**How to complete this task**:
Output the listing exactly, without its pictures.

[Given material — start]

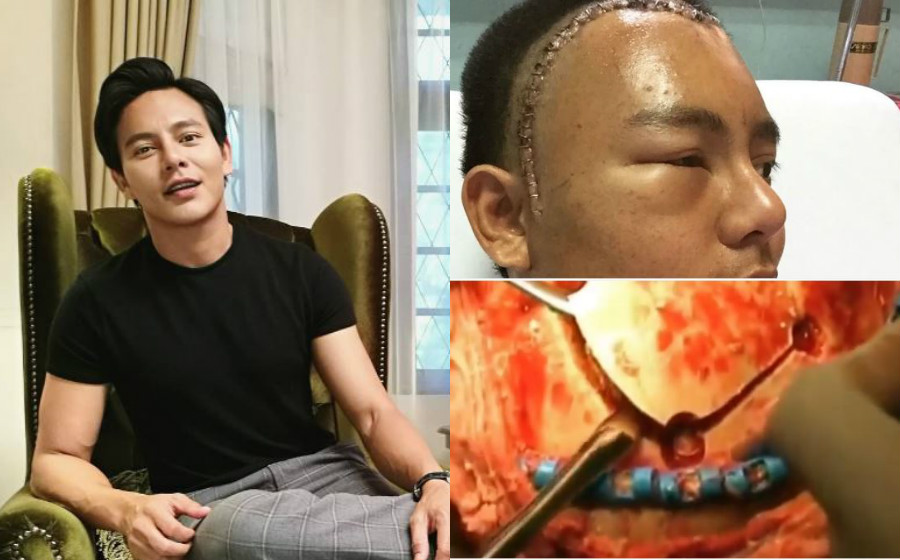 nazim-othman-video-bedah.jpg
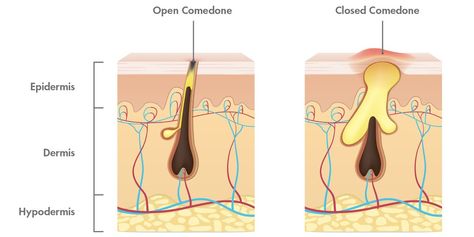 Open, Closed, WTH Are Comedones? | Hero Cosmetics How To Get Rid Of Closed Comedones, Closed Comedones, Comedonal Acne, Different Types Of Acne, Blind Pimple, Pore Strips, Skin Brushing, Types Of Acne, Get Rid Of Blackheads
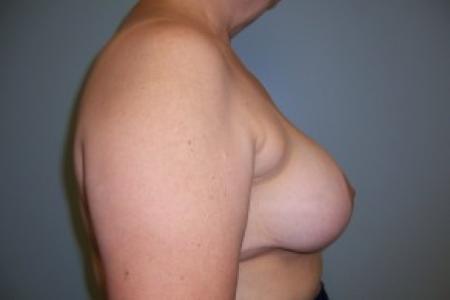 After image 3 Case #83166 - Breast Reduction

[Given material — finish]

**Answer to this exercise**:
 nazim-othman-video-bedah.jpg
 Open, Closed, WTH Are Comedones? | Hero Cosmetics How To Get Rid Of Closed Comedones, Closed Comedones, Comedonal Acne, Different Types Of Acne, Blind Pimple, Pore Strips, Skin Brushing, Types Of Acne, Get Rid Of Blackheads
 After image 3 Case #83166 - Breast Reduction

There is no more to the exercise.